• Problem statement
Could you copy every record below exactly, leaving out the pictures?

[Start of Attachment]

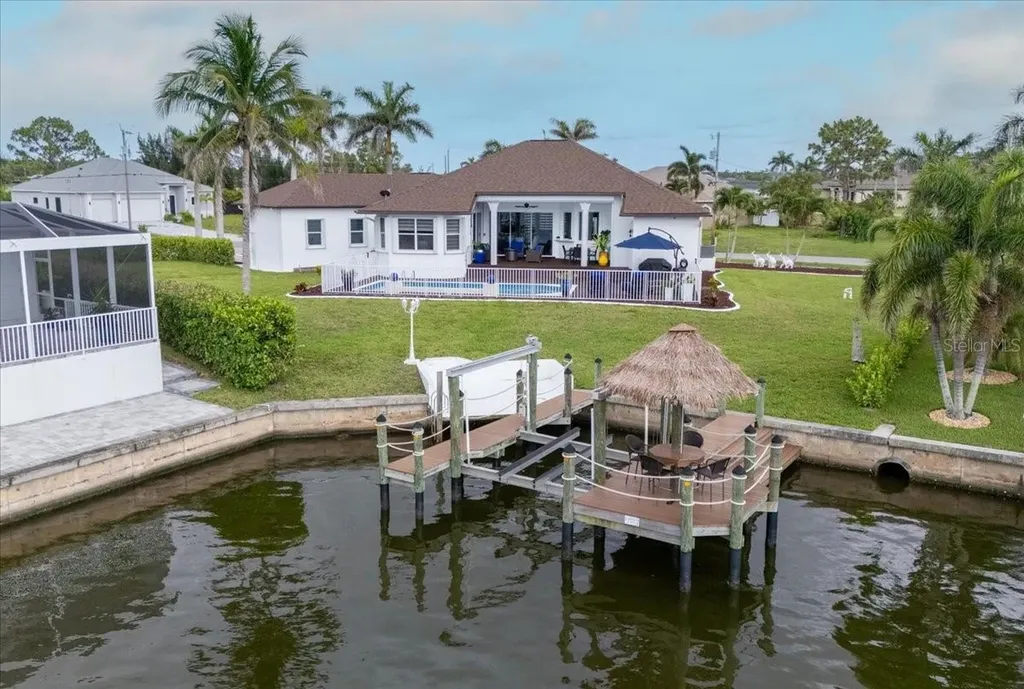 4213 NW 28th Street Cape Coral FL 33993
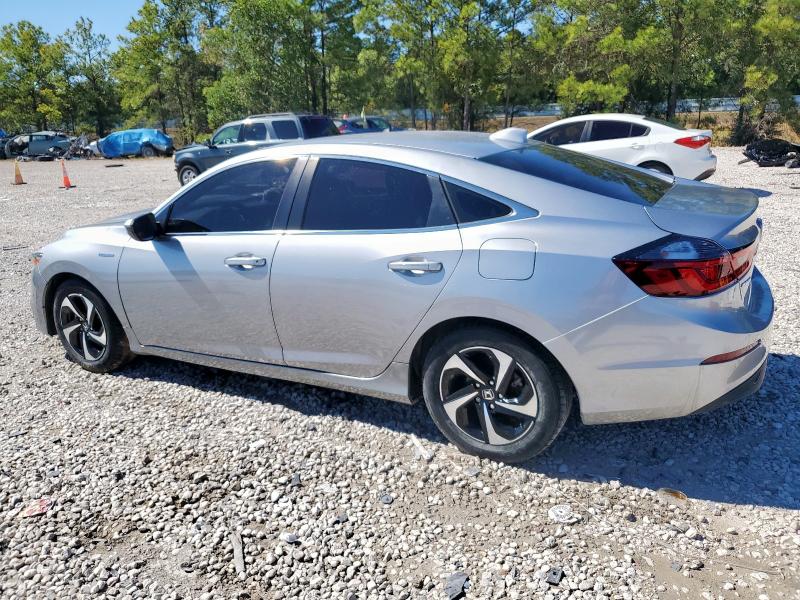 2021 HONDA INSIGHT EX #3282484903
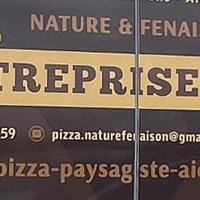 Covering partiel - Entreprise PIZZA Nature & Fenaison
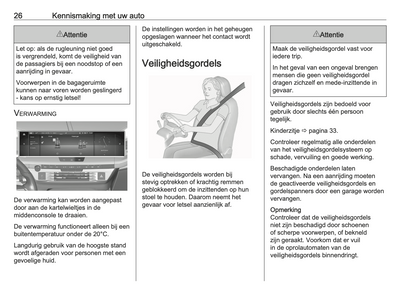 2024-2025 Opel Grandland Gebruikershandleiding | Nederlands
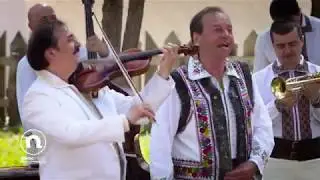 Ion Macovei - Am venit cu lăutarii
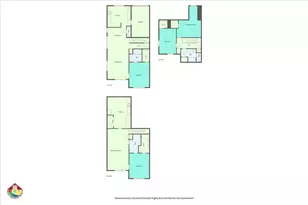 374 Guibor Ct, Kennesaw, GA 30144 - Photo 40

[End of Attachment]

• Your response
 4213 NW 28th Street Cape Coral FL 33993
 2021 HONDA INSIGHT EX #3282484903
 Covering partiel - Entreprise PIZZA Nature & Fenaison
 2024-2025 Opel Grandland Gebruikershandleiding | Nederlands
 Ion Macovei - Am venit cu lăutarii
 374 Guibor Ct, Kennesaw, GA 30144 - Photo 40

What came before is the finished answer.